Bereits um die Jahrtausendwende war der Anteil von Jugendlichen mit sehr schwachen Lesefähigkeiten mit 12 Prozent Besorgnis erregend. 2014 zählte man im Bundesamt für Statistik (BfS) 800’000 betroffene Menschen und befürchtete eine Zunahme in den nächsten Jahren. Den seither getroffenen Massnahmen lagen offensichtlich eine unsorgfältige Analyse und fehlgeleitete Massnahmen zugrunde – auch jetzt!

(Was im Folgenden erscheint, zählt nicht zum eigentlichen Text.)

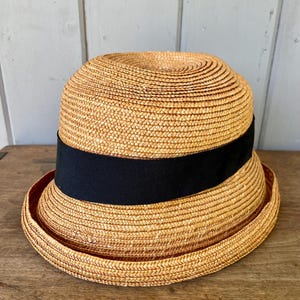 Vintage Italian Made Wide Brim Straw Sun Hat with Navy Polka Dot Trim Straw Hat Polka Dot - Etsy main image 2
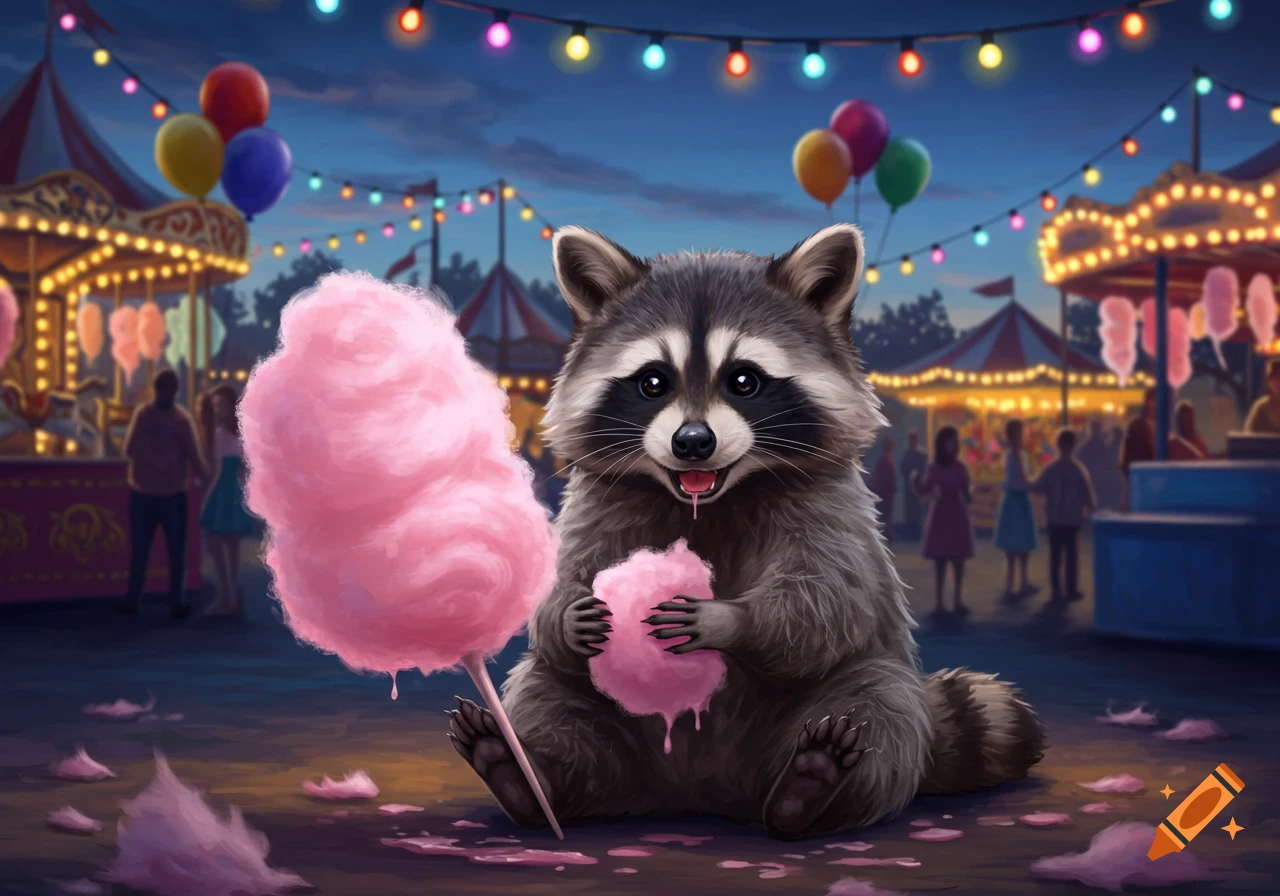 A cute raccoon sits at a night carnival, holding a piece of pink cotton candy, with lights and people in the background.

Einmal mehr: der Föderalismus

Wie nicht anders zu erwarten, kam der Föderalismus wieder auf die Anklagebank und es wurde nach einheitlichen, «von oben» diktierten Massnahmen gerufen. Eine Strategie hin zum Zentralismus, die mit und seit der Volksabstimmung 2006 zum Bildungsartikel verfolgt wird. Abgesehen davon, dass die Leselernmethoden und auch der Leseunterricht nicht an den Kantonsgrenzen wechseln und mit der Einführung des Lehrplans 21 sowieso angeglichen wurde, ist die noch verbliebene Kantonshoheit im Bildungsbereich nach wie vor ein Garant dafür, dass auf die Gegebenheiten und Bedürfnisse der jeweiligen Kantone ausgerichtet und schnell und gezielt Massnahmen ergriffen werden könnten.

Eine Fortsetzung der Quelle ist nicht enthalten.